Волей случая я могу взглянуть на ситуацию объемно, с разных точек зрения. Как университетский профессор, много лет читающий лекции по русской литературе. Как методист, автор трех учебников литературы для старших классов и редактор всей учебной линейки 5–11-го классов. Наконец, как составитель собственного рекомендательного списка (книга «Русский канон. ХХ век», включающая 29 эссе о прозаических и драматических шедеврах XX века, вскоре должна выйти третьим изданием).
Должен сказать, что списки для обязательного или самостоятельного чтения существуют не только в некоторых ведущих американских, но в любом университете в любую эпоху. В 1920-е годы такое движение действительно было, но оно связано со специфически американской ситуацией — отсутствием единых программ для средней школы.
Далее. Формула «западный канон» стала популярной много позже и совсем в ином культурном контексте. Так называлась книга американского профессора Харольда Блума, появившаяся в 1994 году.
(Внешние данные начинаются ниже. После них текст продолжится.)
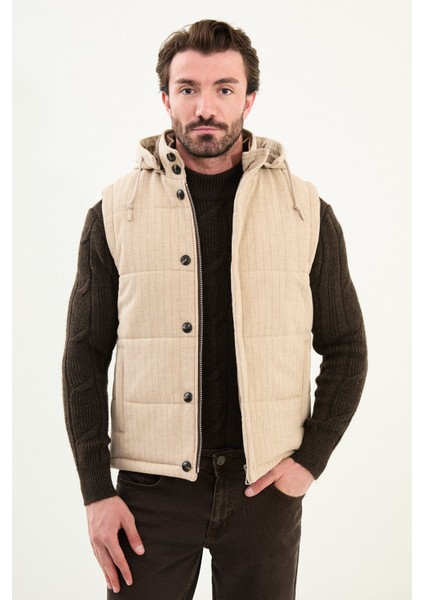 Çizgili Slim Fit Kapşonlu Şişme Erkek Yelek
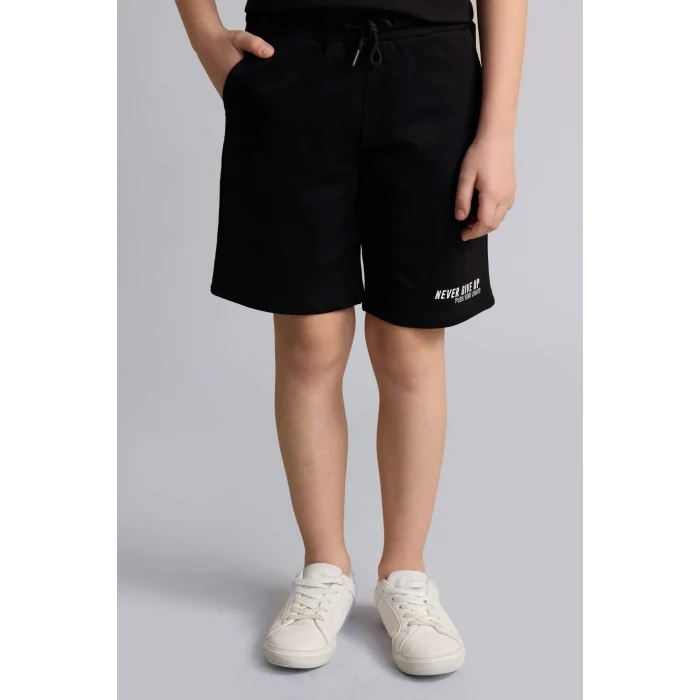 Defacto H7915A8BK81 Siyah Oversıze Slogan Baskılı Sweatshirt Kumaşı Şort Erkek Çocuk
Полемизируя с модой на мультикультуризм, который уравнивает Гомера и полинезийскую легенду, «Божественную комедию» и современный феминистский роман, Блум напомнил о заслугах «мертвых белых мужчин», благодаря книгам которых западная цивилизация осознала себя как единое целое. Центром западного канона для Блума является Шекспир. Но в его список входит не сто, а сотни, если не тысячи имен, разделенные на четыре эпохи и сгруппированные по отдельным странам. Русская литература «демократического» ХIХ века и «хаотического» ХХ представлена у Блума весьма скупо и прихотливо.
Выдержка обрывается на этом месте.